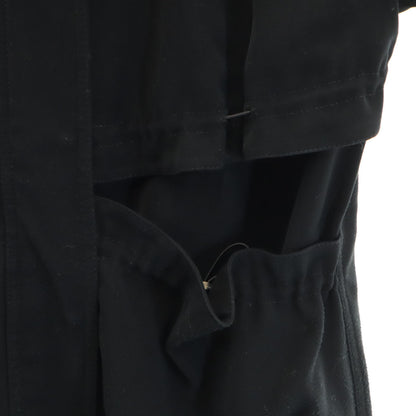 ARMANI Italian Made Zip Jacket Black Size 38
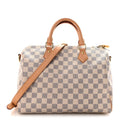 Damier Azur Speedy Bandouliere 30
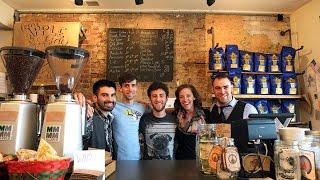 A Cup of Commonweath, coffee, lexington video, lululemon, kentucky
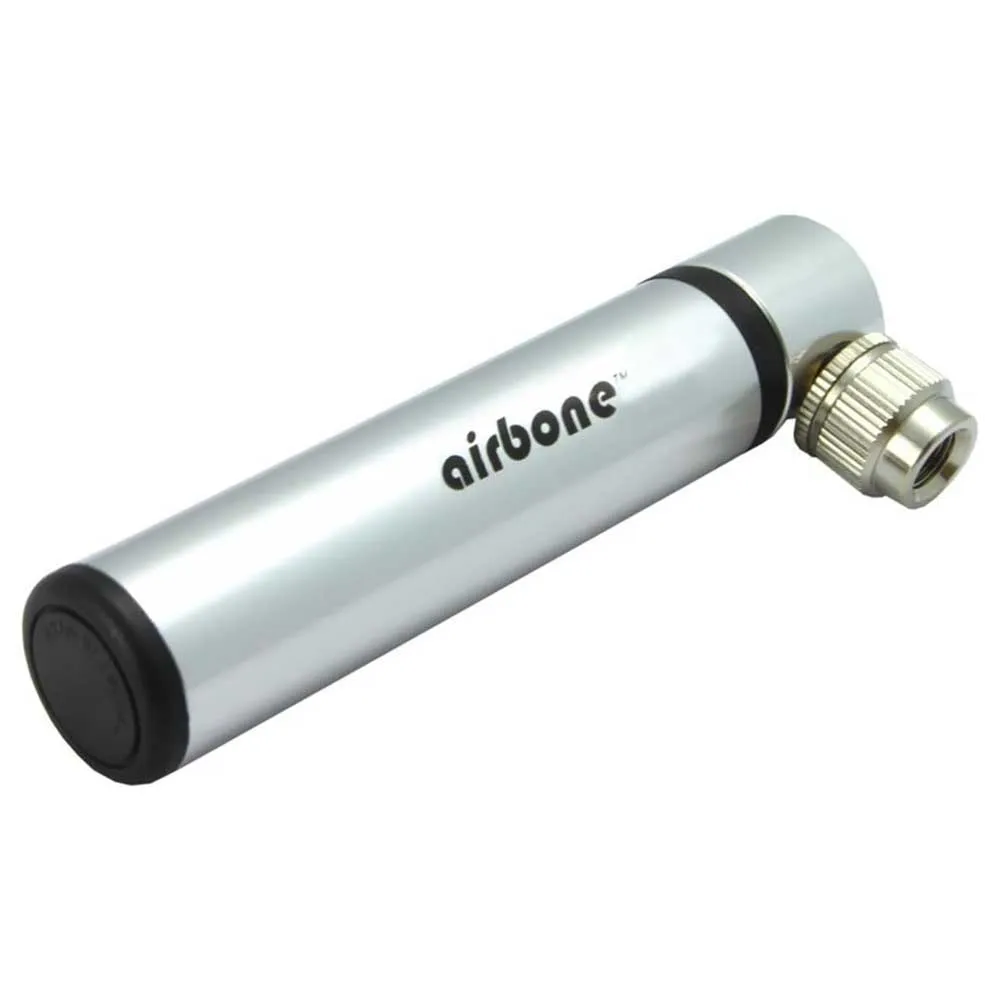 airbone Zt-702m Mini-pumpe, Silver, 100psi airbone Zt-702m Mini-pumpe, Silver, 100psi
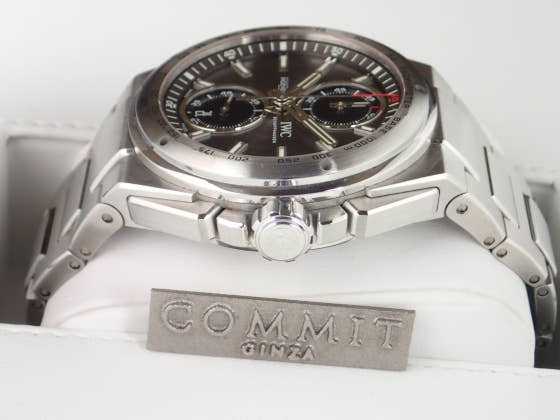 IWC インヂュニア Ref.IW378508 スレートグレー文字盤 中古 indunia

-=-=-=-=-

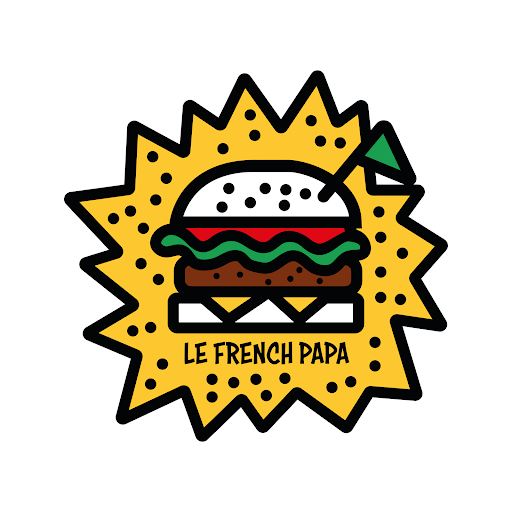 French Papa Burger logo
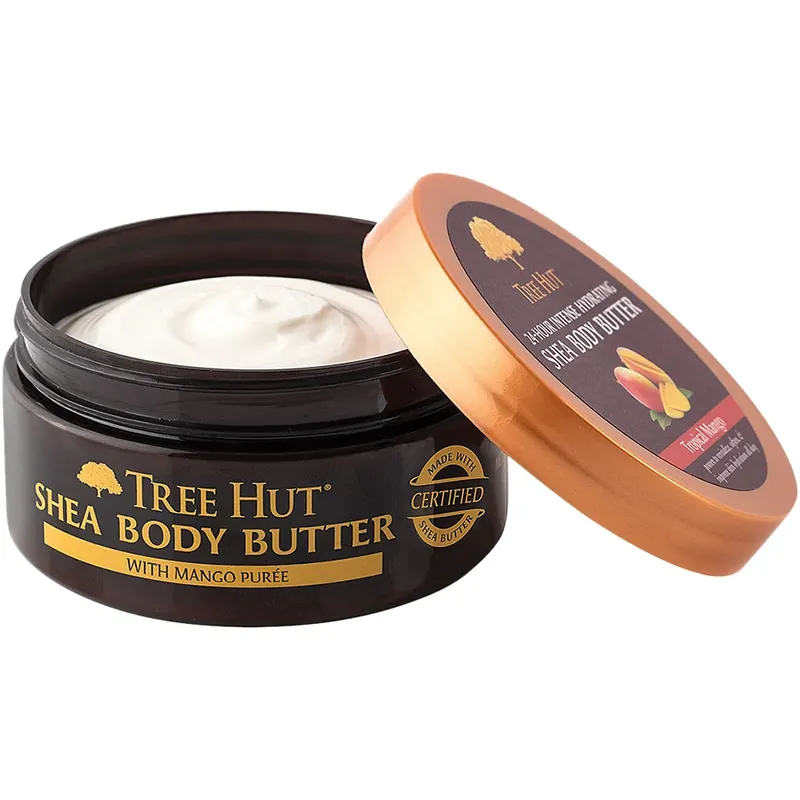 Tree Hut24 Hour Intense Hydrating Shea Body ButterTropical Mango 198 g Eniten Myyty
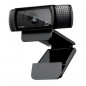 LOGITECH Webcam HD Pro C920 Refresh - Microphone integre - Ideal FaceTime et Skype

-=-=-=-=-

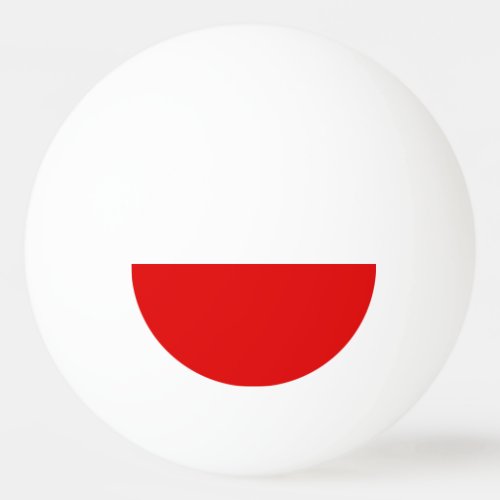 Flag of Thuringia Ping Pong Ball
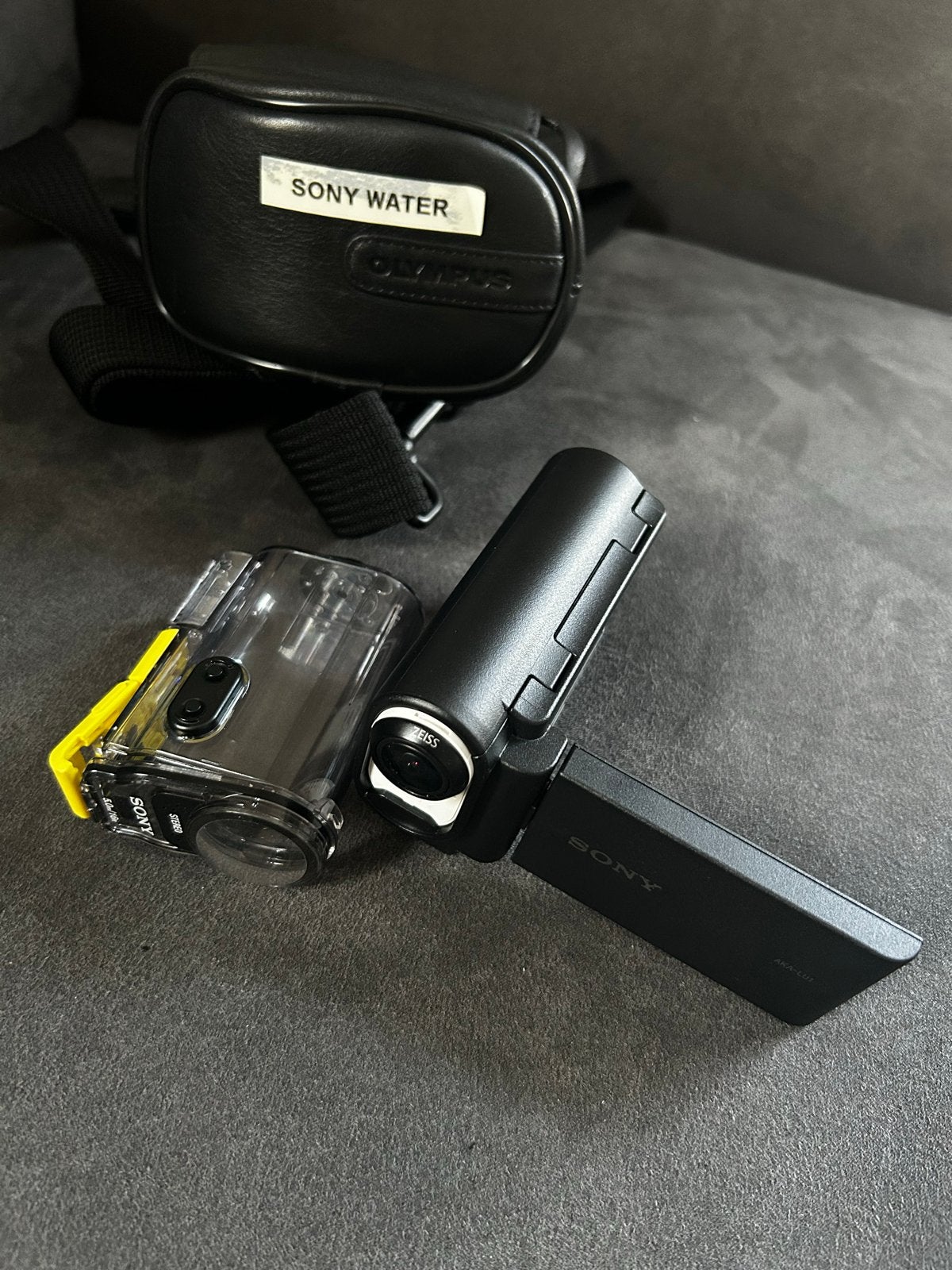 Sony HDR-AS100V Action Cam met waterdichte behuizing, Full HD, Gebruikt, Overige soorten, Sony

-=-=-=-=-

**Exercise**.
Only one part of the listing is wanted: the lines from the one containing "Damier Azur Speedy Bandouliere 30" through the one containing "IWC インヂュニア Ref.IW378508", both included. Please transcribe it exactly, leaving out the pictures.

**Expected answer**.
 Damier Azur Speedy Bandouliere 30
 A Cup of Commonweath, coffee, lexington video, lululemon, kentucky
 airbone Zt-702m Mini-pumpe, Silver, 100psi airbone Zt-702m Mini-pumpe, Silver, 100psi
 IWC インヂュニア Ref.IW378508 スレートグレー文字盤 中古 indunia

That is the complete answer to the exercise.